How long will I have to be a ‘bride in waiting?’
Recent research shows that more and more couples are playing the ‘waiting game’ – despite the ‘gamble’ it could have on women. Marry too early and we might panic that we are putting out careers at risk. Marry too late and we might find ourselves stressing over whether we’re left in a situation where having kids might not be so easy (or, for the more cynical amongst us, left enough time to find another man if our current one jumps ship.)
My single friends share opposing views. One of them is adamant that she ‘needs’ to get married asap.“I want the security, I want babies, I want relatives to stop looking at me like I’m some haggard old spinster.’ Another friend insists that women shouldn’t worry themselves so much with wedding dates. “We’ve fought for feminism for so many years and now you’re trying to tell me we want a man to tie us down and marry us. No thank you.

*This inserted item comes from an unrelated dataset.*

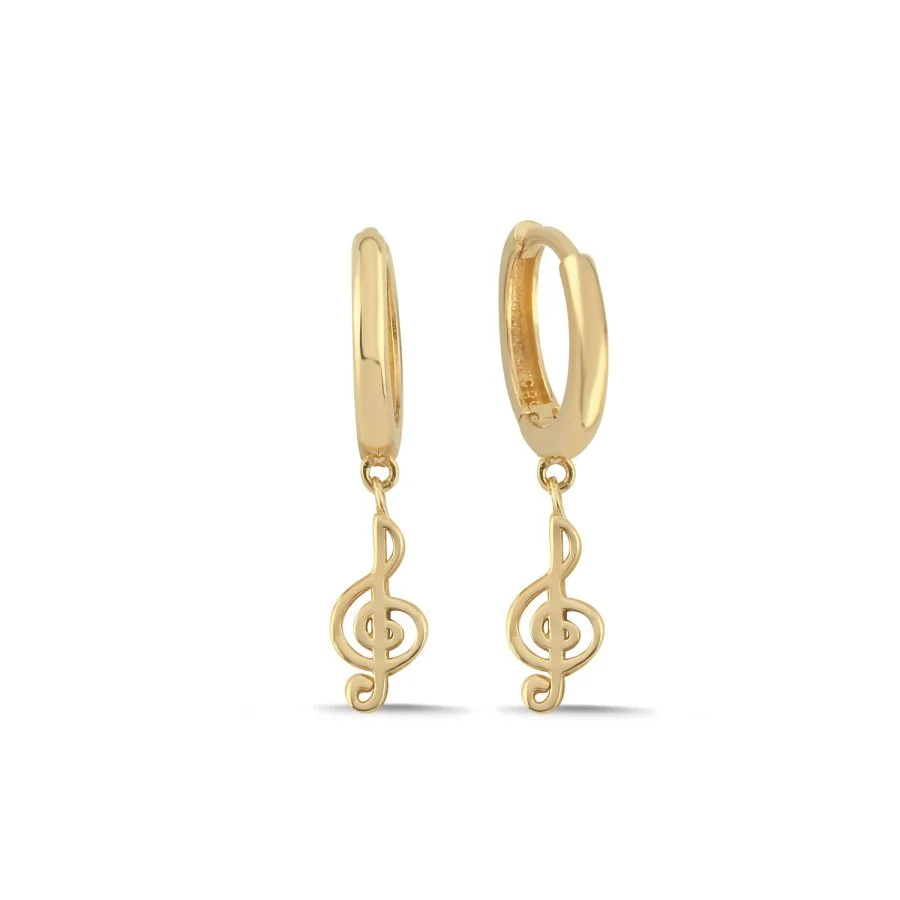 14 Ayar Altın Sallantalı Sol Anahtarı Küpe - 1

I want my career, my own apartment and a string of men who I can call as often or as little as I want. I want my life on MY terms.”
So, when is the right time to get married? Are modern women so concerned about ‘having it all ‘ – babies, career success, living life to the full – that we can’t actually sit back, relax and take life as it comes? Are you concerned with timing, or do you accept that setting a ‘marry me now’ alarm on your man’s phone is probably not going to make much difference?
My 4 year old nephews summed up marriage quite nicely yesterday when we walked past a church on his way to school. “That woman’s getting married,” he said, pointing to the bride. “Yes, “ I replied. “And that man is getting married too.”
“Don’t be silly, “he looked at he, aghast, “Men don’t get married!” I studied his serious, wrinkled brow and asked him, in that case, what men do at weddings. “They are just there to hold the woman’s hand and pass her tissues when she cries.”